Atletico Madrid are the surprise team of the Spanish season so far. Currently second in the Primera Liga, they’ve notched up 12 wins from 14 games including victory at the Bernabeu against a Real Madrid side who’d not lost against them in the league so far this century.
They also held Barcelona in both legs of the Spanish Super Cup and in Europe, they were the first team to qualify for the knock-out stages of the Champions League after four wins from four. On Sunday, they put seven past Getafe.
Diego Costa, David Villa, Koke, Gabi and Thibaut Courtois are the players making the headlines. Atletico’s recruitment policy is exceptional. Was there a better bargain than Villa for €2 million (£1.7m) (plus a few add ons if things work out) in the close season? And that after selling Falcao for €60m.
I spoke to Atletico sporting director Jose Luis Caminero at the club's training ground. The former Atletico, Valladolid and Spain midfielder is now in his second spell as Atleti’s sporting director, where his contract was recently renewed.
Can you remember your last game for Spain?
Thanks! Against England at Wembley in Euro 1996. We lost on penalties. Terrible way to go out, but aside from the results I have fond memories of the atmosphere at Wembley.
Is it vital for Atleti to sell players to survive?
No. We have money to spend and players want to come here. It’s a big trophy-winning club in a fine city. We have a team with top international players. We’re attractive to very good players.
What’s your philosophy?
To bring the best players to this club. We have a network of scouts and I personally watch two to three games a week. We see youth development as vital to our future. We’ve consistently developed a high number of young players for our first team. Looking at the talent we have, I’m confident we can bring more players through.
They have their inspiration right on front of them, players like Koke, Mario, Gabi and Oliver (Torres). Many of our players are from Madrid. We don’t choose players based on where they are from, but if they’re from Madrid or if they’re Atleti, that’s only positive because they understand the identity of the club.
Does it sadden you that you seem to sell some of your best players every year?
It means I’m doing my job well. To interest the biggest clubs in the world, like we do, shows that we are producing and developing excellent footballers. It’s also the reality. Atleti is a big club, but not the biggest. Other clubs have more money and will try and spend that on our players. If we sell a player, then another player gets a chance.
Would Diego Costa be doing how he is if Radamel Falcao was still here? He’s having the best moments of his career. We’ve been satisfied with how we’ve conducted ourselves in the transfer market. The money also helps us get control of our debts. That was important given UEFA’s financial fair play directive. We’re in a good position.
What is success for Atletico Madrid?
A Champions League finish and, ideally, a higher league position and more points than the season before. We’ve finished in a higher league position in each of the last four seasons. We’d like to close the gap on Barcelona and Real Madrid and are confident of doing that. Champions League football makes a club more attractive to players
Is the current team better than a year ago?

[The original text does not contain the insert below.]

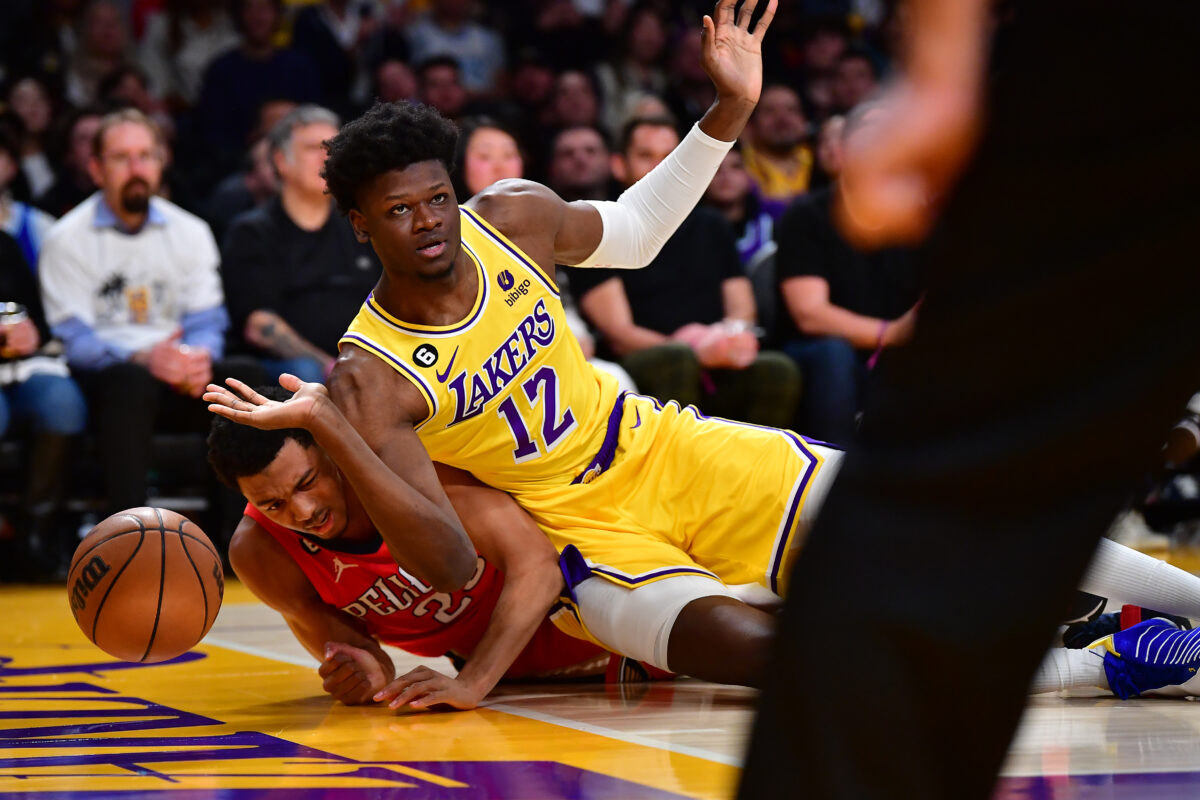 Los Angeles Lakers at New Orleans Pelicans odds, picks and predictions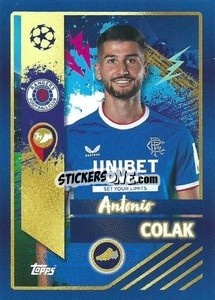 Sticker Antonio Čolak (Golden Goalscorer)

Ask me at the end of the season. We’ve started better, sure.
Can Atletico win the league?
Tough. I’ve been a league winner here. I know what it felt like and that it can be done, but the financial difference between us and Barcelona/Real Madrid is huge; they’re on another planet. We’re looking to close that by being successful and moving to a bigger new stadium. We’re also looking to close it on the pitch.
You were player of the year in the Atleti team which won the double. What’s Diego Simeone like?
Level headed. Hard working. Wants to win. He’s not the only one. He cares deeply about the supporters and he thinks big.